Po trzecie, nawet przy ograniczonej wolności zewnętrznej nadal mieli wewnętrzne zasoby, aby budować styl życia. Frankl napisał: „Każdemu można odebrać wszystko, z wyjątkiem możliwości zajęcia stanowiska”.

Możliwość pożegnania się z sąsiadem i patrzenia mu w oczy była niepotrzebna, ale oznaczała, że osoba ta nadal miała minimum swobody.

Pozycja paralityka, przykuta do łóżka, zakłada minimum wolności, ale musi też umieć żyć. Wtedy czujesz, że nadal jesteś osobą, a nie przedmiotem i masz godność. I nadal mieli wiarę.

Słynny egzystencjalny zwrot Frankla polega na tym, że pytanie „co to jest dla mnie?” zawinął w "czego to ode mnie oczekuje?" taki zwrot oznacza, że wciąż mam wolność, co oznacza godność. Oznacza to, że możemy wnieść coś własnego nawet w znaczeniu ontologicznym.

Viktor Frankl napisał: „To, czego szukaliśmy, miało tak głębokie znaczenie, że przywiązywał wagę nie tylko do śmierci, ale także do umierania i cierpienia. Walka może być skromna i niepozorna, niekoniecznie głośna”.

Austriacki psycholog przeżył, wrócił do domu, ale zdał sobie sprawę, że zapomniał, jak się z czegoś radować, i znowu się tego nauczył. To był kolejny eksperyment. On sam nie mógł zrozumieć, jak to wszystko przeżyli. I rozumiejąc to, zdał sobie sprawę, że nie boi się już niczego oprócz Boga.

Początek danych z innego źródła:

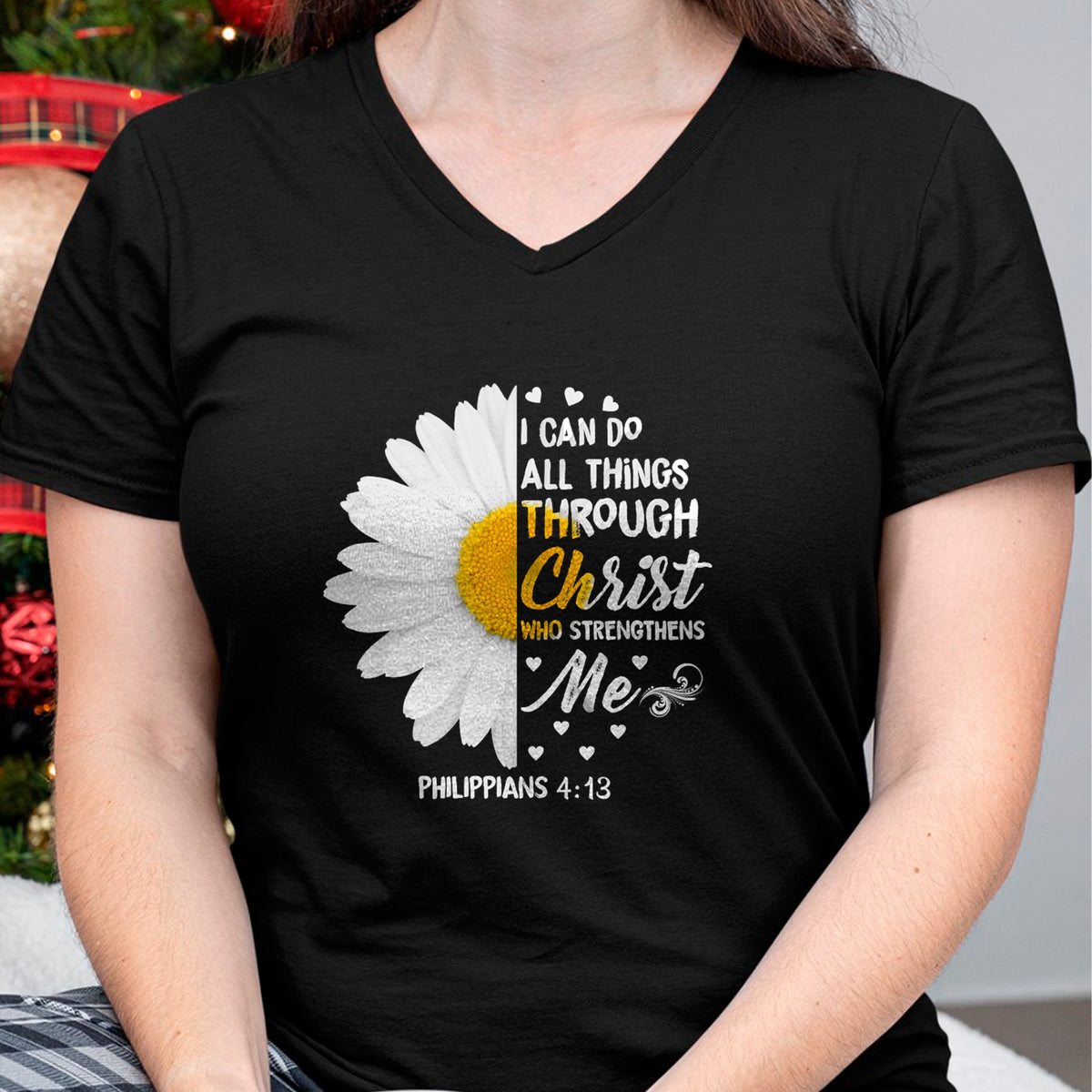 Christian Tee, Christian Faith Unisex T-Shirt/Hoodie/Sweatshirt HLT00 - I Can Do All Things Through Christ - Daisy Flower Religious T-Shirt (2)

Podsumowując, mam wielką nadzieję, że ten wykład będzie dla Ciebie przydatny.

Zawsze są małe wartości, jeśli nie jesteśmy zbyt dumni, aby je widzieć. A słowa pozdrowienia wypowiedziane do naszego towarzysza mogą równie dobrze stać się przejawem naszej wolności, która nadaje sens istnieniu. Wtedy możemy poczuć się ludźmi.